Aucun sacrifice pour renflouer les caisses de l’État ! Luttons pour nous défendre et non pour sauver l’économie nationale !

Nous publions ci-dessous le tract que nous diffuserons ces prochains jours notamment lors des journées du 10 et du 18 septembre

A les entendre, les Macron, Bayrou et cie., nous n’avons plus les moyens d’avoir une retraite convenable et le temps d’en profiter, ni de nous soigner correctement, ni d’avoir une éducation de qualité et encore moins d’être indemnisés en cas de chômage…

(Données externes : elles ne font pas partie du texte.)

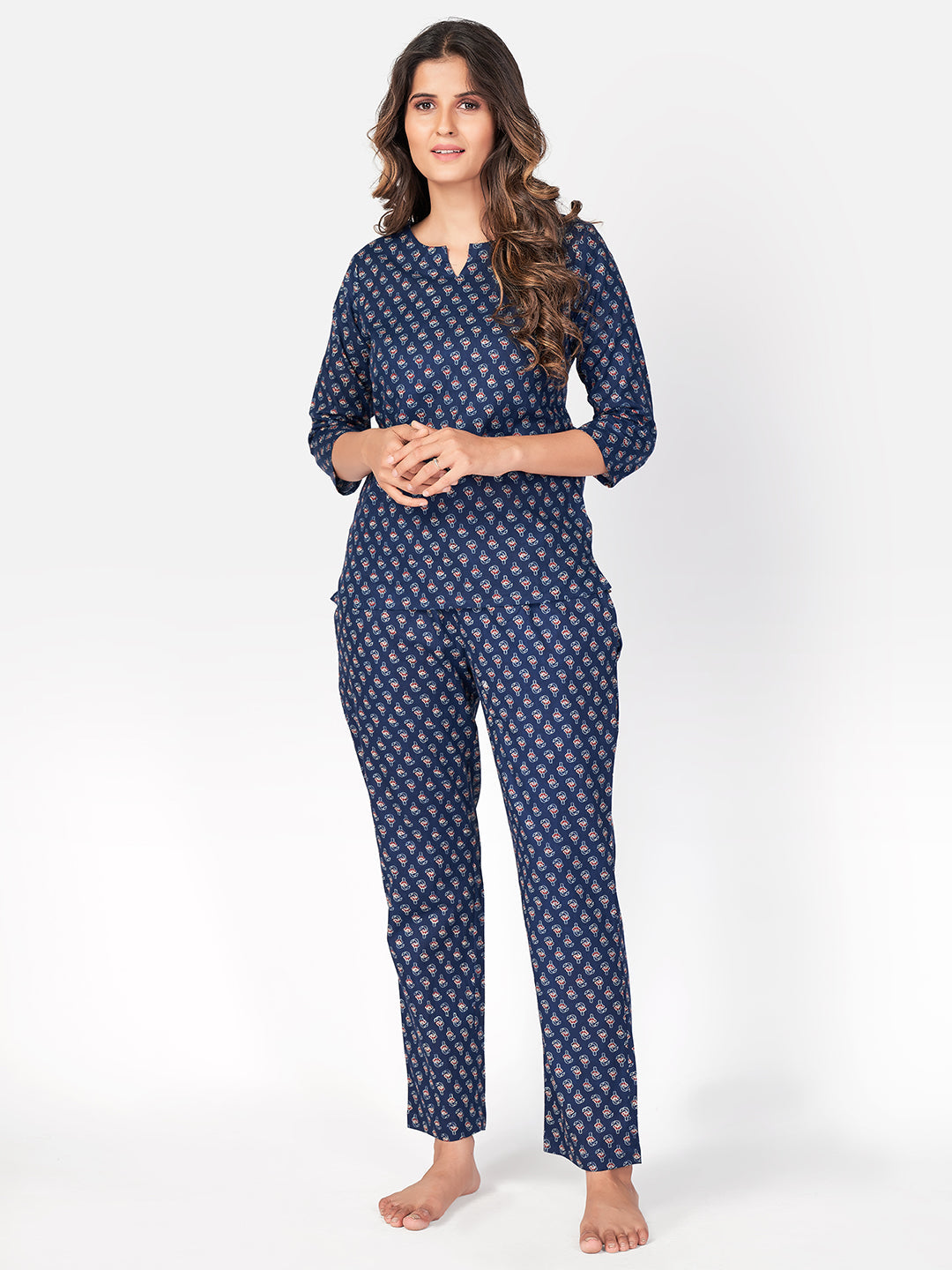 Women's Floral Print  Cotton Blue Night Suit Set - Vbuyz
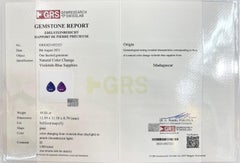 Saphir naturel certifié GRS Color Change : 10.06 Carat Pear Cut Gemstone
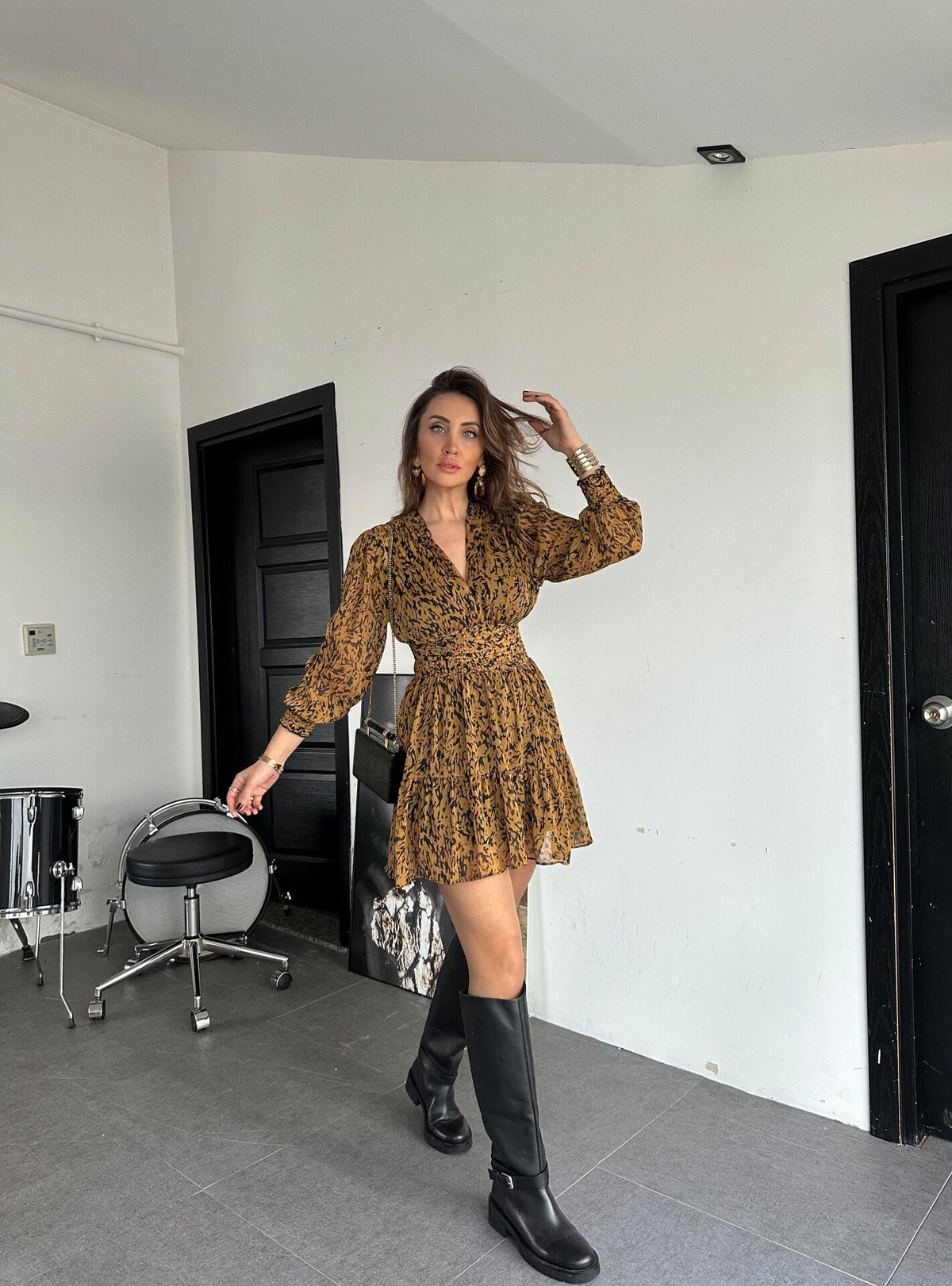 Zebra Desenli Beli Lastikli Şifon Elbise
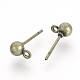 Iron Ball Stud Earring Findings(KK-R071-09AB)-2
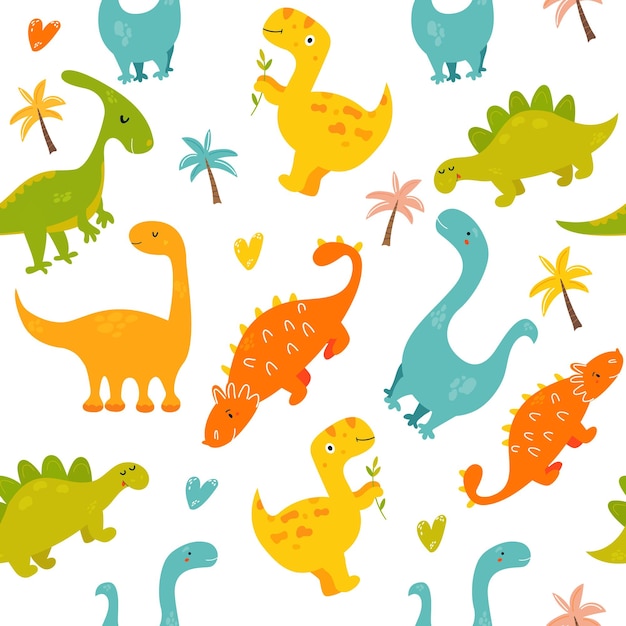 Bright seamless pattern with cute dinosaurs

Alors que cela fait des années que nos conditions de vie et de travail se détériorent, alors que nous n’avons pas le moindre contrôle sur les décisions politiques et économiques, c’est à nous de payer, payer LEUR dette. Ils exigent que nous travaillons plus pour moins de salaire, moins de santé…, moins de temps pour vivre dignement tout simplement.

Le départ de Bayrou ne signifie nullement que l’austérité promise soit remise en question.

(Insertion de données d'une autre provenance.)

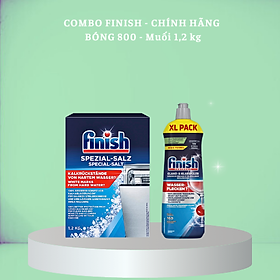 Combo Muối rửa bát finish 1.5kg + Nước làm bóng finish 750ml dùng cho Máy rửa bát chén ly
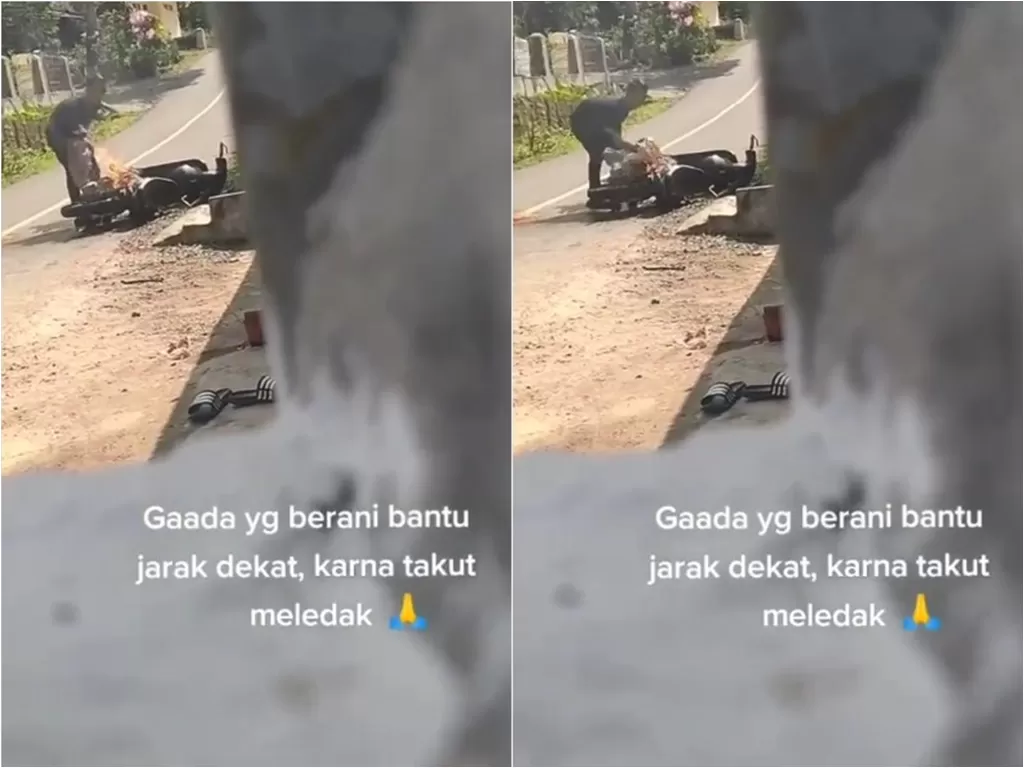 Aksi heroik pria padamkan motor yang terbakar sendiri (Instagram/agoez_bandz4)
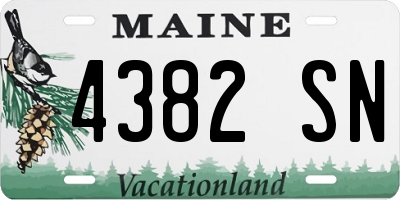 ME license plate 4382SN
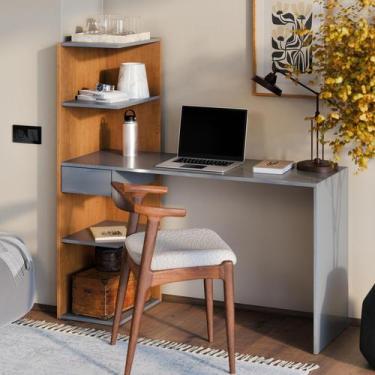 Imagem de Mesa Escrivaninha Infinity Com Prateleiras Para Quarto E Escritório - 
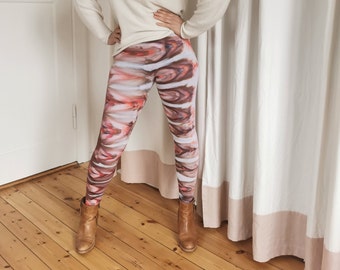 Tie Dye Leggings Brown and Peach Ice Dye Yoga Pants Sport Leggings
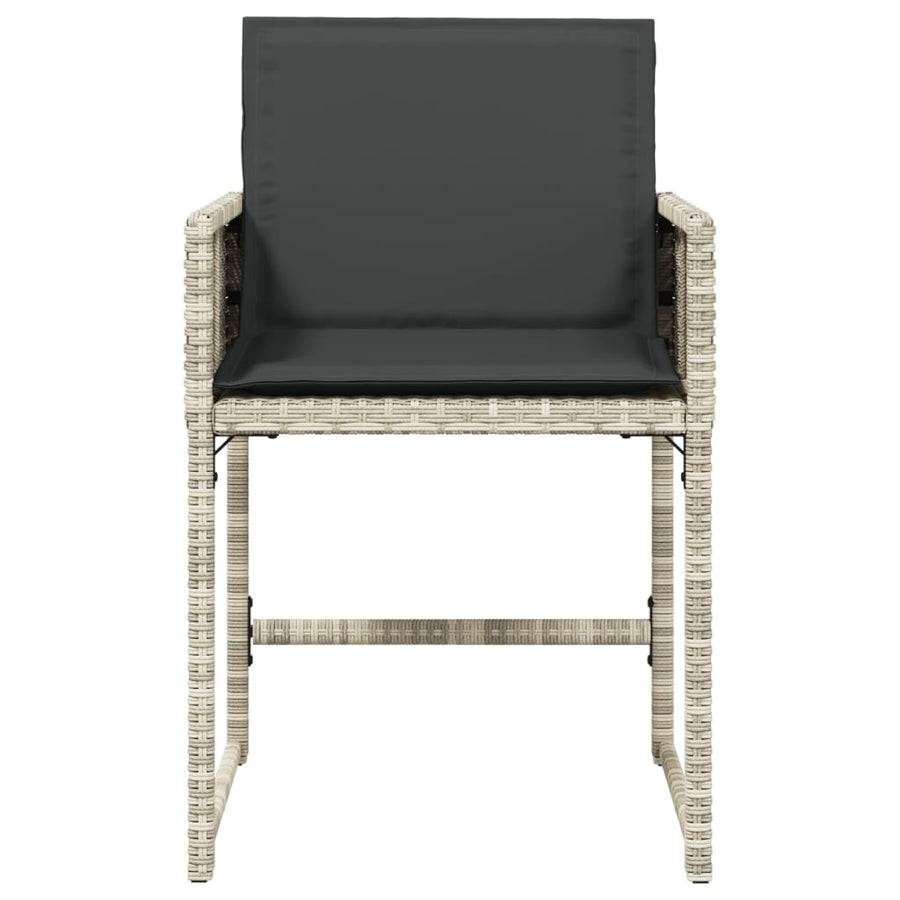 Tuinstoelen Met Kussens Poly Rattan Lichtgrijs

Depuis l’annonce du vote de confiance, les prétendants à sa succession se bousculent, rivalisent de démagogie et multiplient les promesses, chacun annonçant sa solution face à l’endettement public. L’extrême droite cible sans surprise les immigrés, éternel bouc émissaire pour dévoyer la colère des prolétaires, l’union européenne, leur habituelle tarte à la crème, et les « assistés ». Autrement dit, ils promettent la guerre aux plus fragiles, aux immigrés, aux plus pauvres …

La gauche (radicale et molle, dont seule la véhémence dans les propos permet de les distinguer vraiment) propose une nouvelle fois, une énième fois - à se demander pourquoi ils ne l’ont pas fait lorsqu’ils étaient aux commandes (1) - de faire payer les riches (Taxer les riches ! Taxer les riches!)

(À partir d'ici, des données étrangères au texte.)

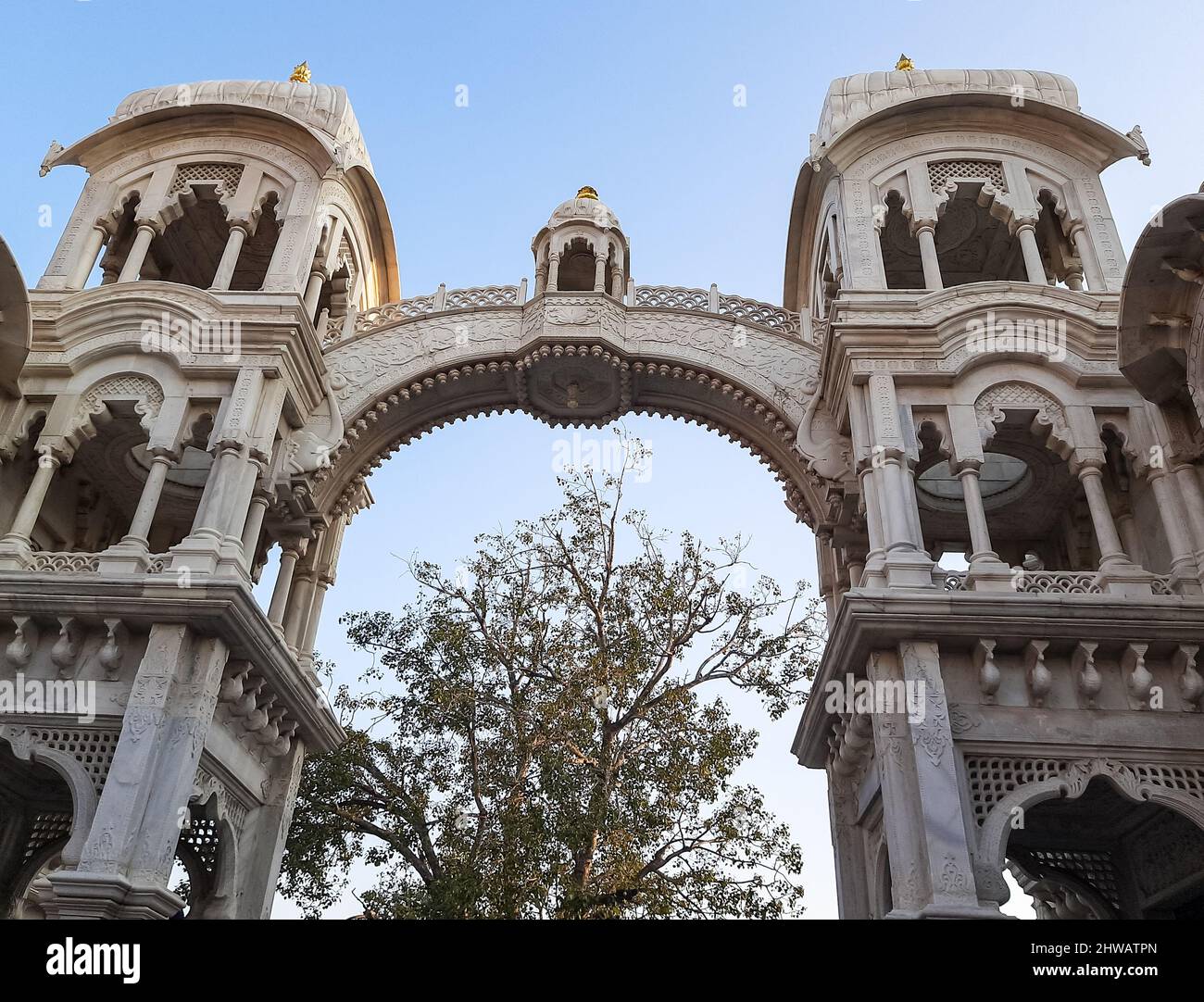 ISKON Temple Vrindavan, India, Sri Krishna Balaram Mandir is a Gaudiya Vaishnava temple in the holy city of Vrindavan in Uttar Pradesh state of India Stock Photo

Tous veulent nous faire croire qu’il suffit qu’ils remplacent les dirigeants à la tête de l’État et alors, promis juré, ils mettront l’État et le capital au service du peuple. Malgré des décennies de gouvernements de toutes les tendances à travers le monde démontrant le contraire, la supercherie fonctionne toujours.

La fonction essentielle de l’État est d’assurer la reproduction du capital quelque soit le gouvernement en place. Ce n’est pas un instrument que l’on peut employer dans un sens ou dans l’autre. Il est fondamentalement lié au capital dont les lois s’imposent à tous. Ce ne sont pas les hommes qui dirigent le capital mais bien l’inverse !

Pour faire face à la crise structurelle que traverse le capitalisme, les bourgeoisies du monde entier s’efforcent à restaurer la rentabilité du capital en intensifiant le travail et en réduisant les dépenses sociales. Elles se livrent une concurrence de plus en plus acharnée. Elles cherchent à mettre la main sur les ressources stratégiques et à s’accaparer une part de la plus-value des autres, menaçant le monde d’un conflit généralisé. Et elles s’y préparent : elles augmentent les budgets militaires, ouvrent de nouvelles usines pour produire davantage d’armes et de munitions et mènent des campagnes pour recruter dans l’armée. En France, le gouvernement a même demandé aux hôpitaux de se préparer à accueillir des victimes en cas de conflit(2). En temps voulu, elles développeront les idéologies nécessaires pour nous embrigader dans un camp ou dans l’autre, la défense de la démocratie, du plus faible, de l’agressé face à l’agresseur. Le seul agressé dans les conflits impérialistes, et tous les conflits le sont à ce stade du capitalisme, c’est le prolétariat.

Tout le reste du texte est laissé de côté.